▶ **Required action**
Only one portion of the data is to be written out: from the line bearing "Liberty Furniture 902-BR31" through the line bearing "MVB-Array der Liebe". Write it exactly as it appears.

___ Source material ___

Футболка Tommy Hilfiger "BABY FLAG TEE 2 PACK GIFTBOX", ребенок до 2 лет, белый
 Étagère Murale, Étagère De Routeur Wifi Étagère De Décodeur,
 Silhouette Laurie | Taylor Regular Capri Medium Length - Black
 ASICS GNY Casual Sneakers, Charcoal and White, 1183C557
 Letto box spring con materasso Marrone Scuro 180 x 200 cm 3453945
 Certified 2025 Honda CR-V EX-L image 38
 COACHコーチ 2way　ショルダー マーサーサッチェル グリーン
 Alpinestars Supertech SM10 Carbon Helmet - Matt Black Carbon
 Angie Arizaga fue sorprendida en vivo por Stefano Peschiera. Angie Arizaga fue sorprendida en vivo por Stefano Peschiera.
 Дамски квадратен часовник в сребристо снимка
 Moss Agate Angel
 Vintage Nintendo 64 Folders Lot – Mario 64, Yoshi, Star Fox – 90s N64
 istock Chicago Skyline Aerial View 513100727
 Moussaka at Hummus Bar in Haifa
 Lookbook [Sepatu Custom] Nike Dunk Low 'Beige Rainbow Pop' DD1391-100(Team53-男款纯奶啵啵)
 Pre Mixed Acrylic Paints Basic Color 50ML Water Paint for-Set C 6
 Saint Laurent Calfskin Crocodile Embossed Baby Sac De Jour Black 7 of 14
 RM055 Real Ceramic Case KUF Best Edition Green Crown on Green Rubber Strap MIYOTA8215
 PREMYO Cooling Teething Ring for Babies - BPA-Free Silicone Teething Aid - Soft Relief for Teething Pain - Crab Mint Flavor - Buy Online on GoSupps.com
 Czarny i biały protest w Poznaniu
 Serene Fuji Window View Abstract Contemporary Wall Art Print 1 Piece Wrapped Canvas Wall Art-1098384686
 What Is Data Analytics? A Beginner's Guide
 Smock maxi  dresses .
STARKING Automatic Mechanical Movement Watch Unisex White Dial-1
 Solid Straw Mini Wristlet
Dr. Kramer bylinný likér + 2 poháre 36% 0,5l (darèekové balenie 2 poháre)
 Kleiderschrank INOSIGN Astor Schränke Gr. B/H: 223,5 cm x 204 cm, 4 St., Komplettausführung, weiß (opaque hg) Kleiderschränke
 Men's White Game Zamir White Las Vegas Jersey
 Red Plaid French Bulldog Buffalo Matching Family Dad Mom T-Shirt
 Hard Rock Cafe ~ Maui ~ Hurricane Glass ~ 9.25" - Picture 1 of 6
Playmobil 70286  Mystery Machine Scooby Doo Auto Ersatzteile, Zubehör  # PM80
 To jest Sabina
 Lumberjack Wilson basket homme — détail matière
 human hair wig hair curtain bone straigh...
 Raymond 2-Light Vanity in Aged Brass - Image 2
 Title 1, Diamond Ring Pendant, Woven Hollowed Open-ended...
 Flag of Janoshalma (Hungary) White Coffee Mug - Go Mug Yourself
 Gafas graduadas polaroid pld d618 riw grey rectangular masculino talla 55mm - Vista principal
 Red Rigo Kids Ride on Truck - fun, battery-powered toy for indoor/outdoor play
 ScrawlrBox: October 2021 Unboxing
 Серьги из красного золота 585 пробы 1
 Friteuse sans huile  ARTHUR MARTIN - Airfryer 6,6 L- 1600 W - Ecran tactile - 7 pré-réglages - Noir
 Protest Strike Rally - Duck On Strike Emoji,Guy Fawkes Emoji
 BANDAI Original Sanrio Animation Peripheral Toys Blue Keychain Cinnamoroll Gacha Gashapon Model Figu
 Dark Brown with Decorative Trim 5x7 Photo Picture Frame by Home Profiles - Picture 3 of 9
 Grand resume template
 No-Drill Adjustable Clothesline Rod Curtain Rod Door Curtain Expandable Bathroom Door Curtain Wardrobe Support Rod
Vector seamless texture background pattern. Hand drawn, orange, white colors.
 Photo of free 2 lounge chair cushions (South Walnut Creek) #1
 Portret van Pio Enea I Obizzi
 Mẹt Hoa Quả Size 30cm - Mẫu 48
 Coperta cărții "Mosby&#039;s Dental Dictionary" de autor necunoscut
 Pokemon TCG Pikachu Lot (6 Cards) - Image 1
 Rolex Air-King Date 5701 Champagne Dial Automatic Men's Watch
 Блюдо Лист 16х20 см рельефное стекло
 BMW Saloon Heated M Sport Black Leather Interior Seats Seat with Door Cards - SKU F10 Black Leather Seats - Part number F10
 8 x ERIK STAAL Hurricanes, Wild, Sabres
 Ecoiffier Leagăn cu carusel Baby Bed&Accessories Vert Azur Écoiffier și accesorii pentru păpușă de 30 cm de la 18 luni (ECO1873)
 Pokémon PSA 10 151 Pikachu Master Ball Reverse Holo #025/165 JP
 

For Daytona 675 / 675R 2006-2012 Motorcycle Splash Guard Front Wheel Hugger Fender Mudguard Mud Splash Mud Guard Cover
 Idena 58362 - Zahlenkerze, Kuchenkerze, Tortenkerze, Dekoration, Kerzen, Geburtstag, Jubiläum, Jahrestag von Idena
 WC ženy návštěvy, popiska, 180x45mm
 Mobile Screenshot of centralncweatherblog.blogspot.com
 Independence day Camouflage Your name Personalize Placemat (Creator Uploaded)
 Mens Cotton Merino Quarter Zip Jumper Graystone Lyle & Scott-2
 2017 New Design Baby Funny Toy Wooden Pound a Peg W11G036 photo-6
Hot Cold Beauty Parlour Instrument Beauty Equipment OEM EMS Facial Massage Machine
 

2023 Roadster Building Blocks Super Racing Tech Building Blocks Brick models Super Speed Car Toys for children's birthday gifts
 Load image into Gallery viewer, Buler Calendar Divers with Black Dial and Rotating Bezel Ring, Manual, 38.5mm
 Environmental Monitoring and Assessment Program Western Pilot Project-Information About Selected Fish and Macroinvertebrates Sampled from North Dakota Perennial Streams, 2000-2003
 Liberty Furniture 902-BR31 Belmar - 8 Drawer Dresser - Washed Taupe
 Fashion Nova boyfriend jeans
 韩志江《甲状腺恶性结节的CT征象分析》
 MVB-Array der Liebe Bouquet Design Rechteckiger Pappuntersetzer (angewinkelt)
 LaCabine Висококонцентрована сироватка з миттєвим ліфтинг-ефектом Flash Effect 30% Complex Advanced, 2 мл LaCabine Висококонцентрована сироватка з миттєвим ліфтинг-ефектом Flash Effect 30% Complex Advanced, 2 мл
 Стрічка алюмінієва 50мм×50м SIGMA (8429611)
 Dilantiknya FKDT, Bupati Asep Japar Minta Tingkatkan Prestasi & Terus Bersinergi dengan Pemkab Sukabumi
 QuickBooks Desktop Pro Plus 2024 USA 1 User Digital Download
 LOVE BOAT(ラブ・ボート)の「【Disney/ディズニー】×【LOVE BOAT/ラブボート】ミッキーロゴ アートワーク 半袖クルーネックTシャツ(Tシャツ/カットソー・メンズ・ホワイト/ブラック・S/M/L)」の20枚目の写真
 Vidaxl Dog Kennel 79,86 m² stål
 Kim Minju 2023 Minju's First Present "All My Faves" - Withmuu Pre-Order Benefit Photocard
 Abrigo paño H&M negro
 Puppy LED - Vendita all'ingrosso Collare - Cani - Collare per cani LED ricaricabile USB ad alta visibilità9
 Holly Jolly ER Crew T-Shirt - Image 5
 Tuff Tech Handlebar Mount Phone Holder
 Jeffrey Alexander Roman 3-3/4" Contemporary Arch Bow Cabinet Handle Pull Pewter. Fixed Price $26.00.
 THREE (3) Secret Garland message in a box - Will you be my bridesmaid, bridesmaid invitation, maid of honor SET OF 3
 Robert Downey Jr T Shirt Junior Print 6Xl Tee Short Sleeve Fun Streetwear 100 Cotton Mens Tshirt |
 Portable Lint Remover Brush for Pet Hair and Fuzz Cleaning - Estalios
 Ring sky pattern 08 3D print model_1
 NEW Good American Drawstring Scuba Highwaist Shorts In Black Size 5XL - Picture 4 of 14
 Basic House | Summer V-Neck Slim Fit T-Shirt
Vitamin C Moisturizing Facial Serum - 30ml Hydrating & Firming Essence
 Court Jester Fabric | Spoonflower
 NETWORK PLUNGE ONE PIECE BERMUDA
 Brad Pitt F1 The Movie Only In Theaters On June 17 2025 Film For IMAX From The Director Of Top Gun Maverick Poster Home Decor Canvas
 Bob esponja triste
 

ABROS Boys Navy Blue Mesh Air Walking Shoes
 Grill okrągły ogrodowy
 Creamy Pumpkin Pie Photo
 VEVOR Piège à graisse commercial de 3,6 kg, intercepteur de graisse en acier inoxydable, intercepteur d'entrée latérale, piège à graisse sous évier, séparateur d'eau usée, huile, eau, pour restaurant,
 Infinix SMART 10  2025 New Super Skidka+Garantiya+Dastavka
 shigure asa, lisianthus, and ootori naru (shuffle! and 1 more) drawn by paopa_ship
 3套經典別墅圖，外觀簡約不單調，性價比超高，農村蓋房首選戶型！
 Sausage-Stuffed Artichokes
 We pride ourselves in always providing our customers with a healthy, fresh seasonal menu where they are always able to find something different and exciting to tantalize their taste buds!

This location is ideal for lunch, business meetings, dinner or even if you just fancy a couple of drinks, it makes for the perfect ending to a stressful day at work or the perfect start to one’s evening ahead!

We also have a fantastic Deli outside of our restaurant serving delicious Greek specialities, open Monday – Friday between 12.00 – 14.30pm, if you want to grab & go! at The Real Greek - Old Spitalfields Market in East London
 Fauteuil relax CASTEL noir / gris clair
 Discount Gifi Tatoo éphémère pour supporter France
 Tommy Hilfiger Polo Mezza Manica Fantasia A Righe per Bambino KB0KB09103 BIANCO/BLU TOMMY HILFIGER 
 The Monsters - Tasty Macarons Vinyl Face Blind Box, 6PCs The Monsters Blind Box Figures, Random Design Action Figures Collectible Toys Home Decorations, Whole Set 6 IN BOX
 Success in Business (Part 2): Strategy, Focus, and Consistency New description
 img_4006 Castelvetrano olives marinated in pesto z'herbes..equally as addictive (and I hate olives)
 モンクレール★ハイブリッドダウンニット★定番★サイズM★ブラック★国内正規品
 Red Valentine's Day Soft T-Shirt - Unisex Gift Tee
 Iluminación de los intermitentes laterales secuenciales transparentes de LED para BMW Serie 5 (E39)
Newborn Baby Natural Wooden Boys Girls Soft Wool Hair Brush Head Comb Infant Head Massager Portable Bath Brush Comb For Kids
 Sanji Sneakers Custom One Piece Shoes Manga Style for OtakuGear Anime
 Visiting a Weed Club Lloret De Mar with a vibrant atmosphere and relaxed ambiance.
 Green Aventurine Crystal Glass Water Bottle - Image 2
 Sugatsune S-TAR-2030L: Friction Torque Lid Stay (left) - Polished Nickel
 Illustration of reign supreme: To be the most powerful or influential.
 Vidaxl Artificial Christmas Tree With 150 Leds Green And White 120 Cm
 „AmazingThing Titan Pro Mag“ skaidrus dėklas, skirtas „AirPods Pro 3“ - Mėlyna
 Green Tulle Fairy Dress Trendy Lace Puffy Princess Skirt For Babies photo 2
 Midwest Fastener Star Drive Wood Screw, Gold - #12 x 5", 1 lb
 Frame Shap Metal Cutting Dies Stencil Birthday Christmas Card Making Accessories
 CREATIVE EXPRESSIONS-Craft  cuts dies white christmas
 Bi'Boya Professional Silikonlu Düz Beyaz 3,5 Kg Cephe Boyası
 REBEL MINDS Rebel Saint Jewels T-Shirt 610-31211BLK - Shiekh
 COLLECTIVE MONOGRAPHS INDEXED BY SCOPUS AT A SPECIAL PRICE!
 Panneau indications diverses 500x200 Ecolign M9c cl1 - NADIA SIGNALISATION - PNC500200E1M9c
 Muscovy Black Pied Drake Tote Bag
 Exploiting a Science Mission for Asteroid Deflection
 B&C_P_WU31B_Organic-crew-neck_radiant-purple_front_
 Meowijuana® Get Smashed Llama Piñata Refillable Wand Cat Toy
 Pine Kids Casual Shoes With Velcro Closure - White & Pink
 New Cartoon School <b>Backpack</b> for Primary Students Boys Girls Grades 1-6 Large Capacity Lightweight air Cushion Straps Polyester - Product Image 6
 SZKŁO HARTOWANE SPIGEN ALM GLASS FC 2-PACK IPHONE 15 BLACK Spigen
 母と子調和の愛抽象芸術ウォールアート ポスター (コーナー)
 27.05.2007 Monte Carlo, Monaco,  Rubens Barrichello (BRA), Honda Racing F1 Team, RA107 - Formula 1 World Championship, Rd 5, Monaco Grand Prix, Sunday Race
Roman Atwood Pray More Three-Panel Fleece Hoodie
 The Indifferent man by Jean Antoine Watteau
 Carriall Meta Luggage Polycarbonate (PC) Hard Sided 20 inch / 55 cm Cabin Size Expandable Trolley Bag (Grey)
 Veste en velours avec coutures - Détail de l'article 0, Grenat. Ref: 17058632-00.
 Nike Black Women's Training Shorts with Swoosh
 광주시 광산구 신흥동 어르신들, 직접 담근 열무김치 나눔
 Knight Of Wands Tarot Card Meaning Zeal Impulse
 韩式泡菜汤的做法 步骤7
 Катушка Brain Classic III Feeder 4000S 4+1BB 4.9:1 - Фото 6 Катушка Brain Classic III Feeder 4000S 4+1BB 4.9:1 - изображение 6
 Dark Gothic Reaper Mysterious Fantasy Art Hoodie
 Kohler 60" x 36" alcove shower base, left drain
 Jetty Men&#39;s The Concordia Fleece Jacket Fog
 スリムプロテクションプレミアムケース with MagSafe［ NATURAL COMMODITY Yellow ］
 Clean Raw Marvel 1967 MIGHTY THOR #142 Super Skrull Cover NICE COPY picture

___

▶ **Solution**
 Liberty Furniture 902-BR31 Belmar - 8 Drawer Dresser - Washed Taupe
 Fashion Nova boyfriend jeans
 韩志江《甲状腺恶性结节的CT征象分析》
 MVB-Array der Liebe Bouquet Design Rechteckiger Pappuntersetzer (angewinkelt)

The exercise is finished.